Mercy Housing's Murphy estimates that as an immediate stop-gap measure the nation needs to build between 3 and 6 million affordable units. She says that can't be accomplished without a more aggressive posture from HUD. "The free market has never built housing for the poor," she argues, "that's why the federal government has to be involved."
A place to call home With the right resources, D'Arcey would go on a building binge that would clear all the city's waiting lists. Given the current political realities, he knows he has to be satisfied to hold on to what he's got. But that waiting list haunts him, especially as he contemplates the spectre of that huge baby boom generation just now on the verge of retirement. Not all of those boomers are going to retire rich and secure or otherwise able to support themselves, D'Arcey says. Who is going to find a place for them to call home? In South Chicago Diego Diaz is trying to explain why buying his own home was so important to him. What did he expect to achieve by buying a home? What has he achieved?

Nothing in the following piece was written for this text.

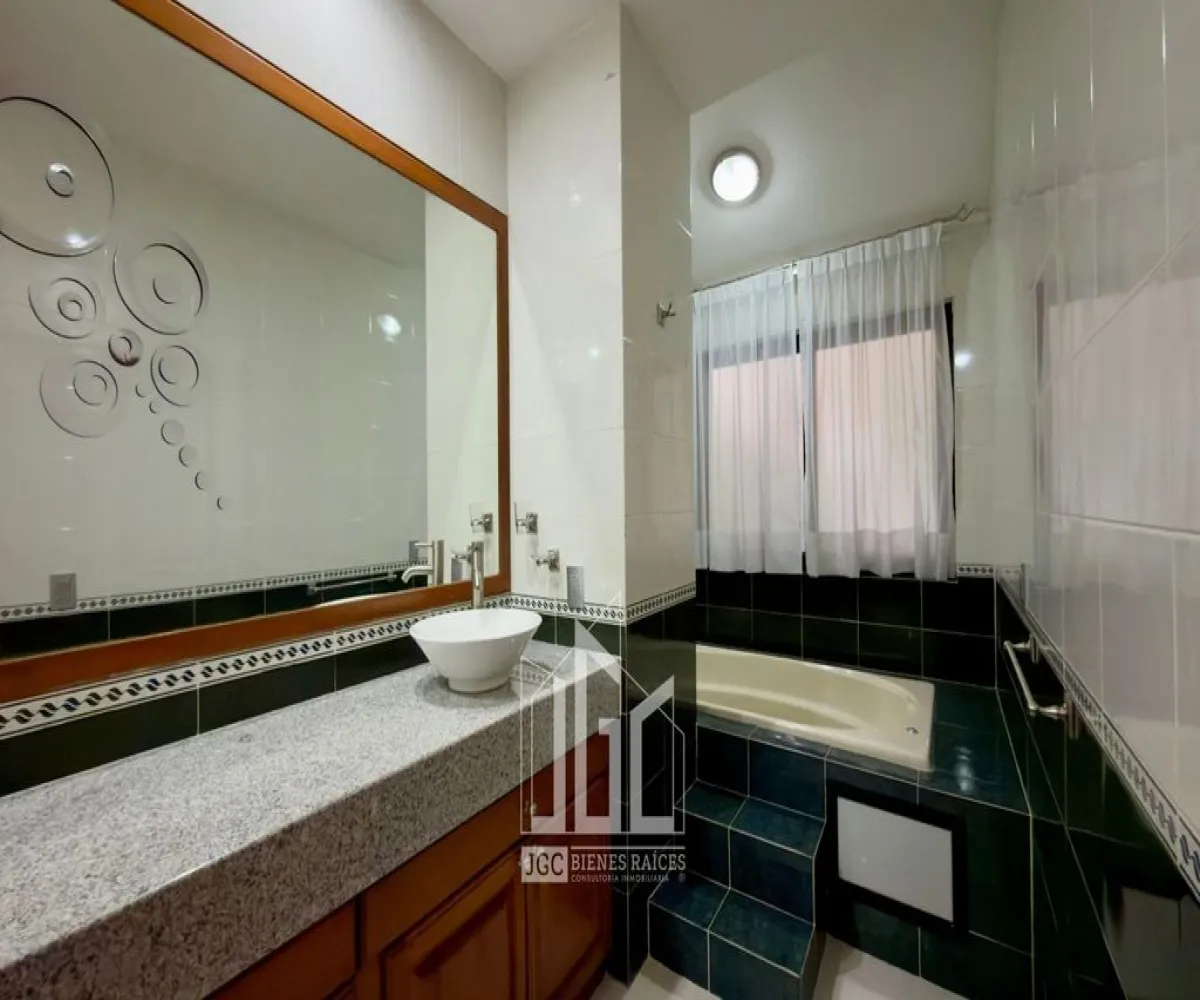 Casa En Venta,Colinas de San Javier,Avenida Acueducto 2405, Zapopan, Jalisco 45110, 3 Habitaciones,3 Baños,Avenida Acueducto,2,pvXGQs6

"Security," he says, "stability, a deep sense of ownership of both the house and the community. I hope to be more involved in the community situation now that I'm a resident."
More important to him is the lesson he hopes he is passing on to Emiliano about being responsible and taking care of his family. "I realized that I couldn't keep renting if I wanted to move forward in life," he says.

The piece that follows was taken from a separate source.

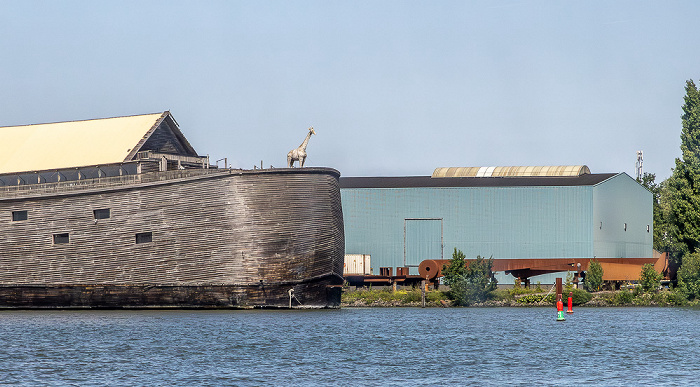 Nieuwe Maas mit der Arche Noah (schwimmendes Bibelmuseum), Stormpolder Krimpen aan den IJssel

To Diaz, there is something about home ownership that has moved him through a threshold of some kind, into adulthood, into citizenship, into his rightful place. He gets downright giddy describing how he and his wife brought both of their extended families together for their first Easter celebration at the new home. It was the first time he had the opportunity to host, not just attend, a family gathering. It was the kind of experience he often imagined happening if he were ever able to become a homeowner.
"I was always looking forward to it," he says. "Did I think it was ever going to happen?" Diaz laughs softly. "Maybe . . . no," he says after a moment.
Rising out of the working class, serving in the military, working his way through college, now buying his own home, Diaz stands as something of an American archetype that crosses all classes and ethnic lines.
"I guess my family is very much a classic story," he says. "We've had some trials and some struggles, but thanks to this program now we do have a place to call our own and a home we can share with our families," he says. "And for that I am very thankful."